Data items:
[Start of section]

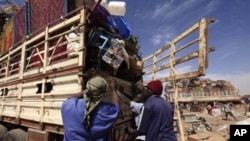 Southern Sudanese people in the north load their belongings on the truck as they prepare to leave for the south before the secession referendum, in an area called Mandela in Khartoum January 5, 2011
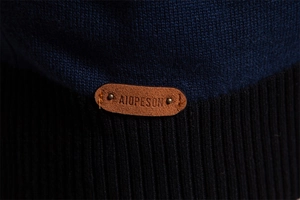 Makroaufnahme der Strickstruktur und des Marken-Lederlogos mit Metallnieten am Ärmel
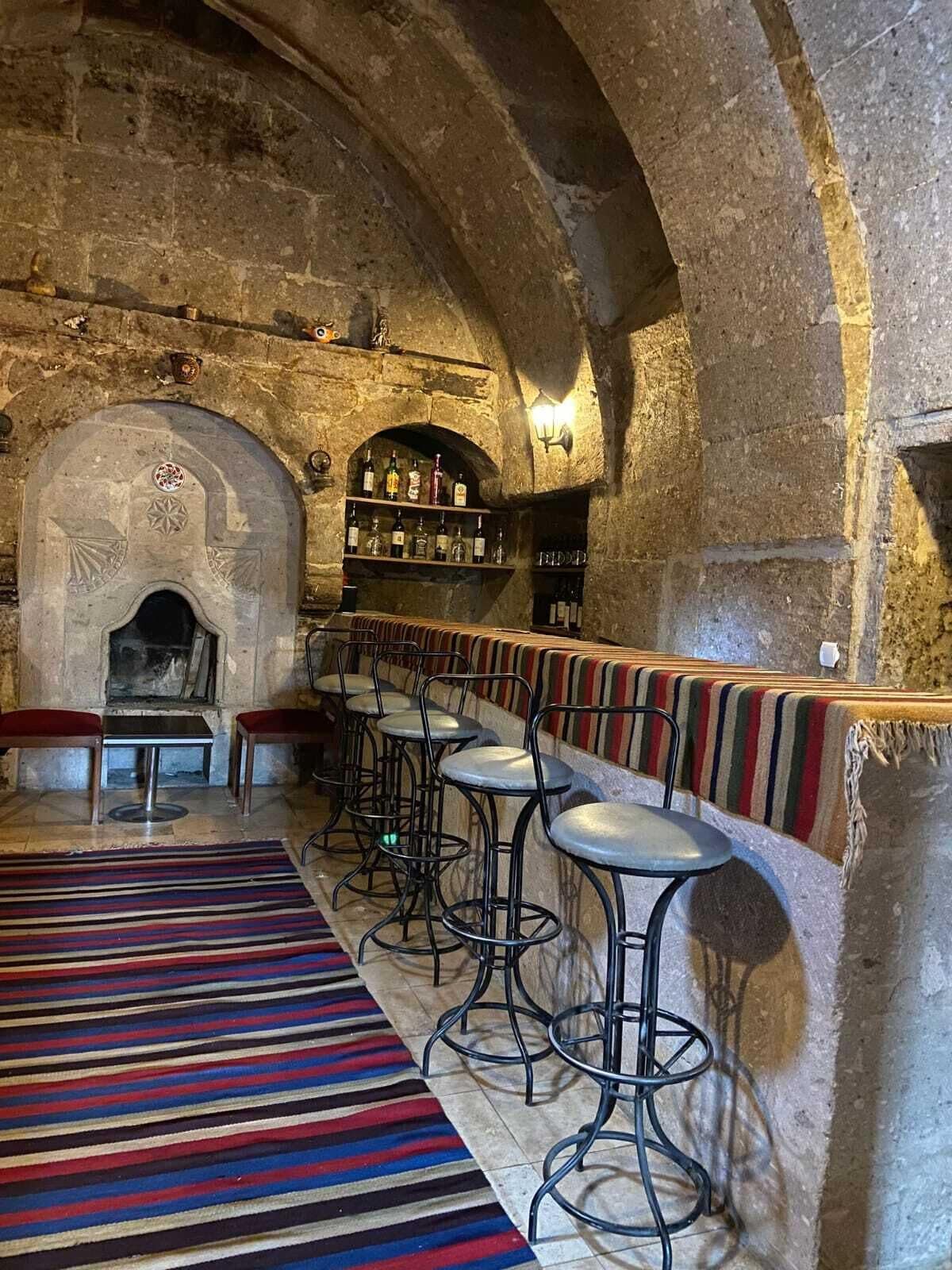 A bar area with stone walls, a fireplace, and a bar counter with stools.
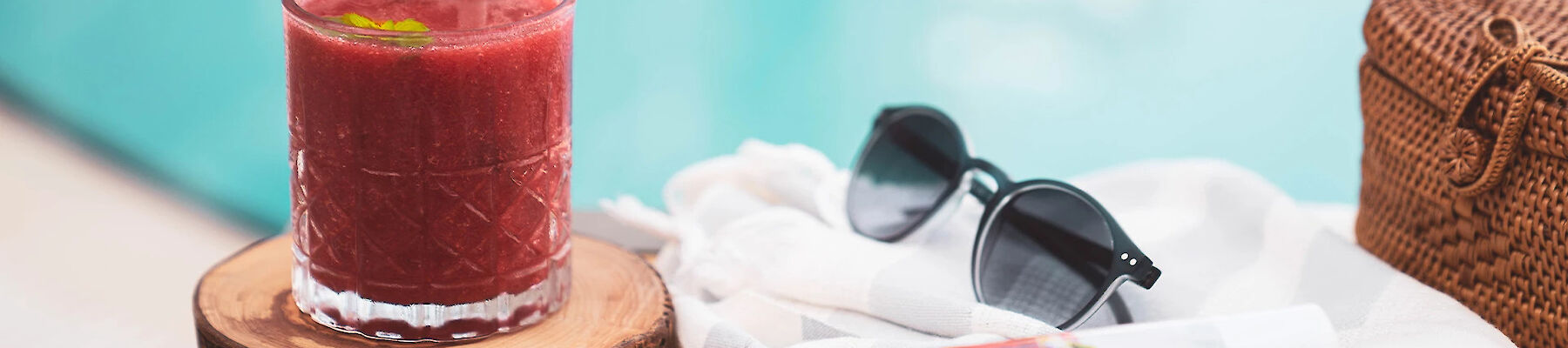 A glass of red beverage with mint, sunglasses, a woven bag, and a rolled towel with a magazine beside a pool.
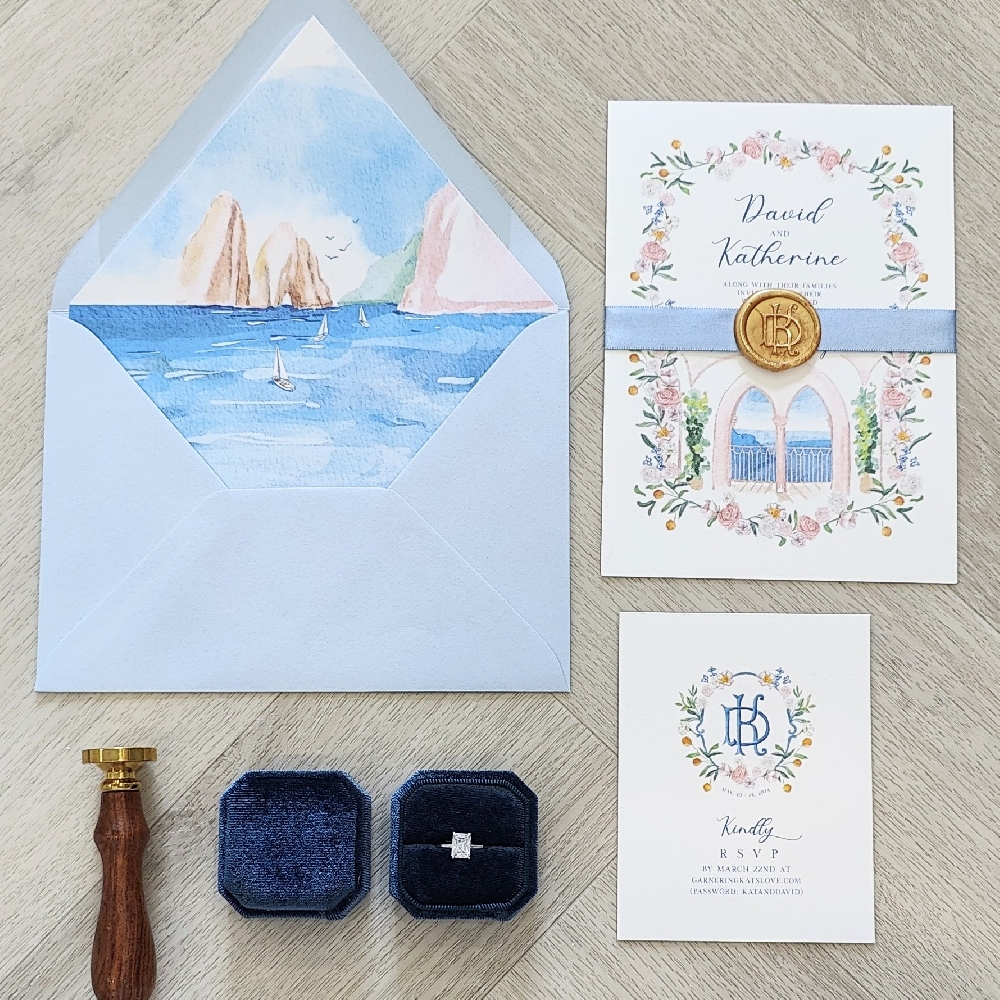 This is a single card wedding invite printed on a white cotton paper.  There is a light blue ribbon stripe with a custom monogram gold wax seal embellishment.  There is a matching blue azure envelope with a printed design envelope liner of the location of the wedding.
This wedding took place in Italy, on the island of Capri!
A wedding in Capri, Italy is the epitome of Mediterranean romance, blending dramatic coastal scenery with old-world Italian charm. This tiny island off the Amalfi Coast is famous for its limestone cliffs, turquoise waters, and chic piazzas, making it an unforgettable destination for both intimate elopements and larger celebrations. Couples often choose breathtaking ceremony spots such as cliffside terraces overlooking the Faraglioni rock formations, lush private gardens, or historic chapels like Santa Sofia and Certosa di San Giacomo. Sunset boat rides around the island or a post-ceremony cruise to the Blue Grotto add a magical touch.  ocal planners can help navigate Italian paperwork for a civil or symbolic ceremony, and many couples opt for an outdoor reception featuring fresh seafood, local wines, and classic Capri flavors like limoncello and lemon-infused desserts. With easy ferry access from Naples or the Amalfi Coast, guests can turn the celebration into a memorable vacation filled with island exploration, designer shopping, and romantic Mediterranean sunsets. This is a single card wedding invite printed on a white cotton paper.  There is a light blue ribbon stripe with a custom monogram gold wax seal embellishment.  There is a matching blue azure envelope with a printed design envelope liner of the location of the wedding.
This wedding took place in Italy, on the island of Capri!
A wedding in Capri, Italy is the epitome of Mediterranean romance, blending dramatic coastal scenery with old-world Italian charm. This tiny island off the Amalfi Coast is famous for its limestone cliffs, turquoise waters, and chic piazzas, making it an unforgettable destination for both intimate elopements and larger celebrations. Couples often choose breathtaking ceremony spots such as cliffside terraces overlooking the Faraglioni rock formations, lush private gardens, or historic chapels like Santa Sofia and Certosa di San Giacomo. Sunset boat rides around the island or a post-ceremony cruise to the Blue Grotto add a magical touch.  ocal planners can help navigate Italian paperwork for a civil or symbolic ceremony, and many couples opt for an outdoor reception featuring fresh seafood, local wines, and classic Capri flavors like limoncello and lemon-infused desserts. With easy ferry access from Naples or the Amalfi Coast, guests can turn the celebration into a memorable vacation filled with island exploration, designer shopping, and romantic Mediterranean sunsets.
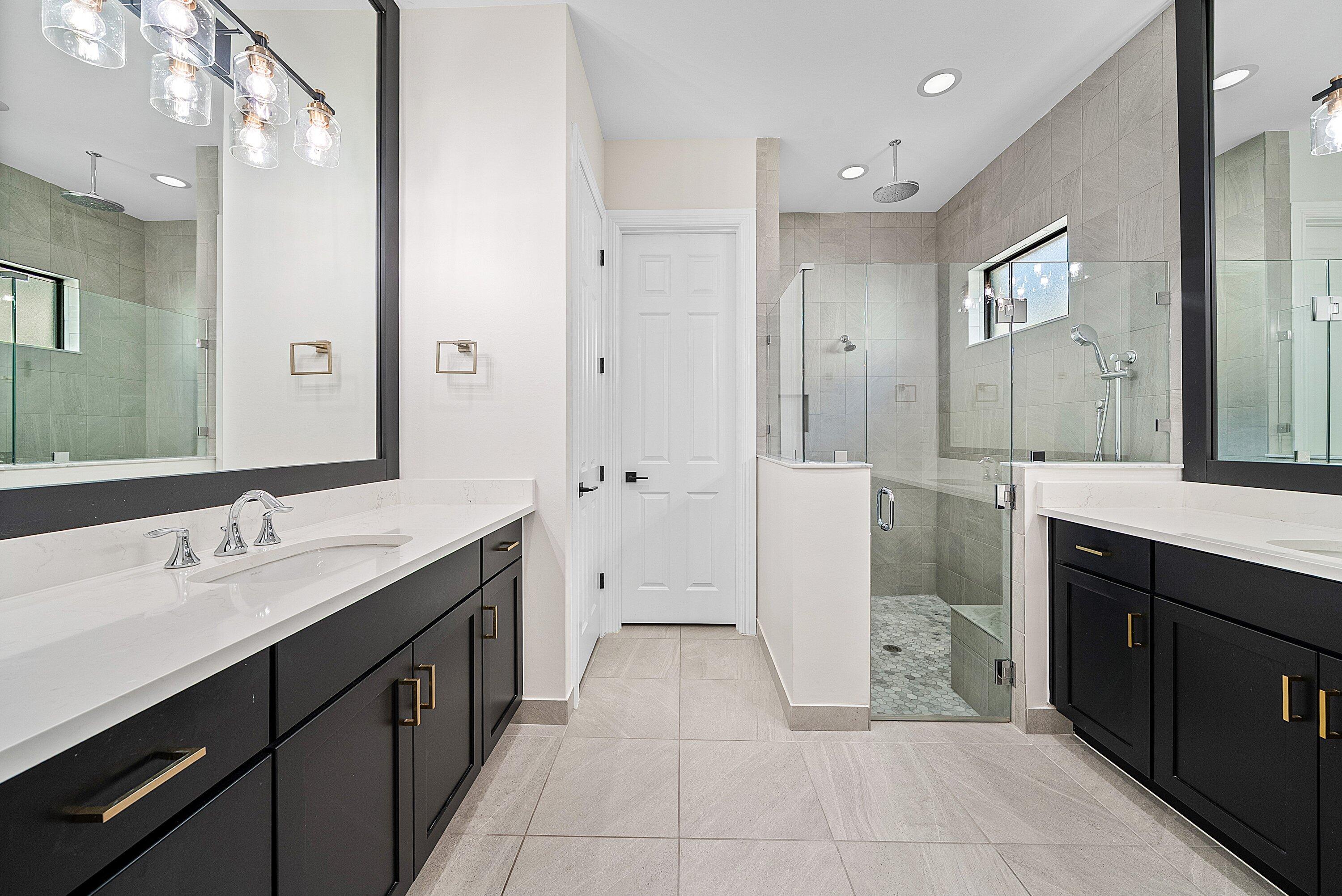 9076 Leon Circle Parkland, FL 33076 - Photo 26 of 42 a spacious bathroom with a double vanity sink mirror and double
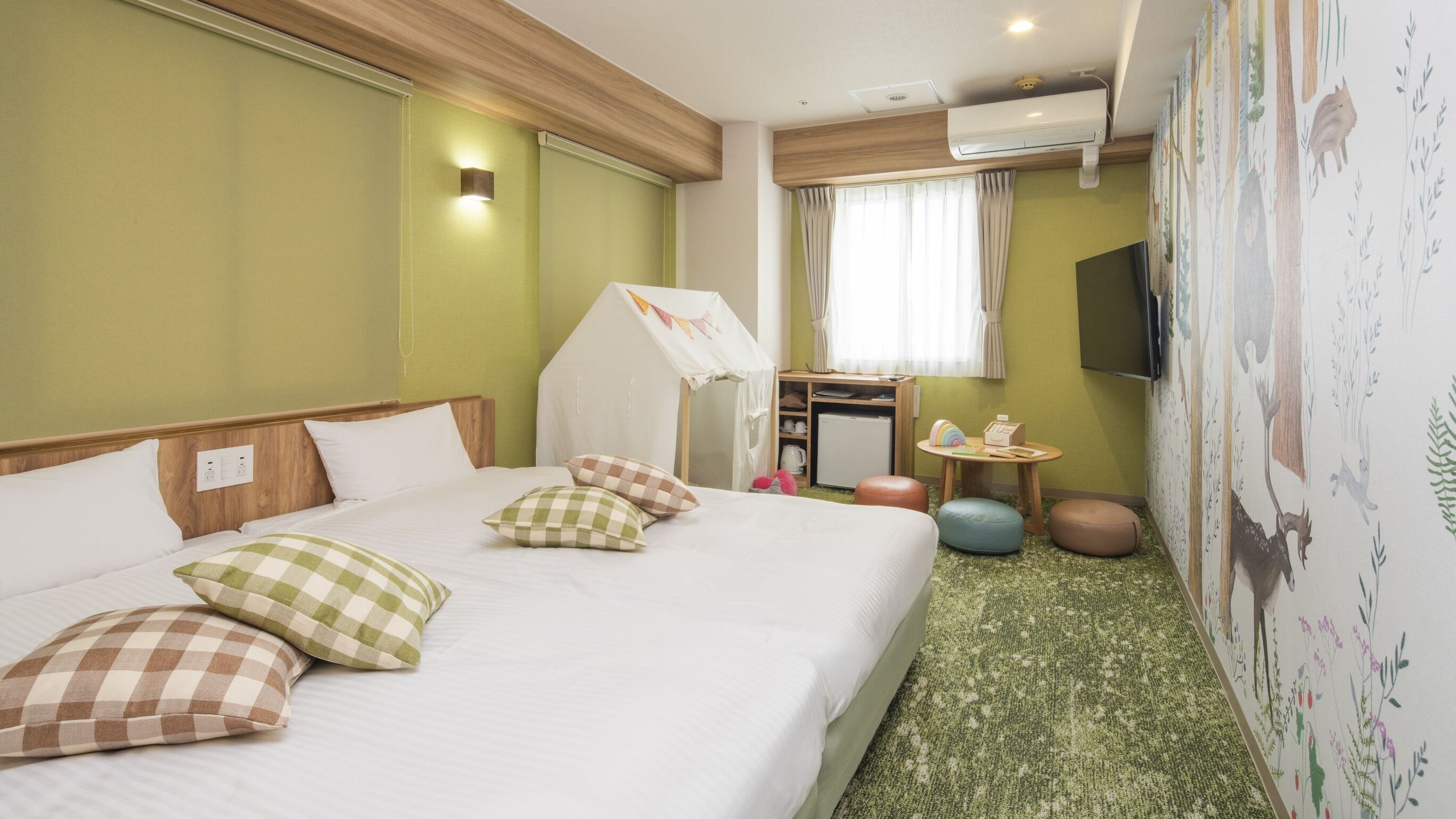 Habitación de hotel con cama, una mesita, un espejo, televisor y una pared decorada con un mural de temática natural.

[End of section]

ABOUT THIS EXERCISE: Reproduce the data verbatim and omit each image.

OUTPUT FOR THIS TASK:
 Southern Sudanese people in the north load their belongings on the truck as they prepare to leave for the south before the secession referendum, in an area called Mandela in Khartoum January 5, 2011
 Makroaufnahme der Strickstruktur und des Marken-Lederlogos mit Metallnieten am Ärmel
 A bar area with stone walls, a fireplace, and a bar counter with stools.
 A glass of red beverage with mint, sunglasses, a woven bag, and a rolled towel with a magazine beside a pool.
 This is a single card wedding invite printed on a white cotton paper.  There is a light blue ribbon stripe with a custom monogram gold wax seal embellishment.  There is a matching blue azure envelope with a printed design envelope liner of the location of the wedding.
This wedding took place in Italy, on the island of Capri!
A wedding in Capri, Italy is the epitome of Mediterranean romance, blending dramatic coastal scenery with old-world Italian charm. This tiny island off the Amalfi Coast is famous for its limestone cliffs, turquoise waters, and chic piazzas, making it an unforgettable destination for both intimate elopements and larger celebrations. Couples often choose breathtaking ceremony spots such as cliffside terraces overlooking the Faraglioni rock formations, lush private gardens, or historic chapels like Santa Sofia and Certosa di San Giacomo. Sunset boat rides around the island or a post-ceremony cruise to the Blue Grotto add a magical touch.  ocal planners can help navigate Italian paperwork for a civil or symbolic ceremony, and many couples opt for an outdoor reception featuring fresh seafood, local wines, and classic Capri flavors like limoncello and lemon-infused desserts. With easy ferry access from Naples or the Amalfi Coast, guests can turn the celebration into a memorable vacation filled with island exploration, designer shopping, and romantic Mediterranean sunsets. This is a single card wedding invite printed on a white cotton paper.  There is a light blue ribbon stripe with a custom monogram gold wax seal embellishment.  There is a matching blue azure envelope with a printed design envelope liner of the location of the wedding.
This wedding took place in Italy, on the island of Capri!
A wedding in Capri, Italy is the epitome of Mediterranean romance, blending dramatic coastal scenery with old-world Italian charm. This tiny island off the Amalfi Coast is famous for its limestone cliffs, turquoise waters, and chic piazzas, making it an unforgettable destination for both intimate elopements and larger celebrations. Couples often choose breathtaking ceremony spots such as cliffside terraces overlooking the Faraglioni rock formations, lush private gardens, or historic chapels like Santa Sofia and Certosa di San Giacomo. Sunset boat rides around the island or a post-ceremony cruise to the Blue Grotto add a magical touch.  ocal planners can help navigate Italian paperwork for a civil or symbolic ceremony, and many couples opt for an outdoor reception featuring fresh seafood, local wines, and classic Capri flavors like limoncello and lemon-infused desserts. With easy ferry access from Naples or the Amalfi Coast, guests can turn the celebration into a memorable vacation filled with island exploration, designer shopping, and romantic Mediterranean sunsets.
 9076 Leon Circle Parkland, FL 33076 - Photo 26 of 42 a spacious bathroom with a double vanity sink mirror and double
 Habitación de hotel con cama, una mesita, un espejo, televisor y una pared decorada con un mural de temática natural.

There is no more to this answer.